Brief.
When you reach the line in the data below that contains "How Much It", please start repeating lines exactly, and stop after the line that contains "BEVIVACE Current Mood", repeating nothing else.

Data section.

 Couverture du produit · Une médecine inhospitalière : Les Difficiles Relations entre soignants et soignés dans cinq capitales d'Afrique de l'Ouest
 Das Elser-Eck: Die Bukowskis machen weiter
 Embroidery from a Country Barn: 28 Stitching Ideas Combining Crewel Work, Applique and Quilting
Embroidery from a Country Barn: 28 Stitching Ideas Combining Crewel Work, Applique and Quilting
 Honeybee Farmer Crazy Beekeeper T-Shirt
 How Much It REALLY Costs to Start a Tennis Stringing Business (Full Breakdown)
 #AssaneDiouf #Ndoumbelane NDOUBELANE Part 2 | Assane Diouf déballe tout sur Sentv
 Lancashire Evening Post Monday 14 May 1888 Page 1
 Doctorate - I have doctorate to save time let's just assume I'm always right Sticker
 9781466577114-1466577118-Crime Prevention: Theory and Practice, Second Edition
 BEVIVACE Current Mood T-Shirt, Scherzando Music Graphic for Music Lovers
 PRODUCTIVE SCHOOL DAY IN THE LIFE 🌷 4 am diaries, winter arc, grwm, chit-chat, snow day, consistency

Solution to the problem.
 How Much It REALLY Costs to Start a Tennis Stringing Business (Full Breakdown)
 #AssaneDiouf #Ndoumbelane NDOUBELANE Part 2 | Assane Diouf déballe tout sur Sentv
 Lancashire Evening Post Monday 14 May 1888 Page 1
 Doctorate - I have doctorate to save time let's just assume I'm always right Sticker
 9781466577114-1466577118-Crime Prevention: Theory and Practice, Second Edition
 BEVIVACE Current Mood T-Shirt, Scherzando Music Graphic for Music Lovers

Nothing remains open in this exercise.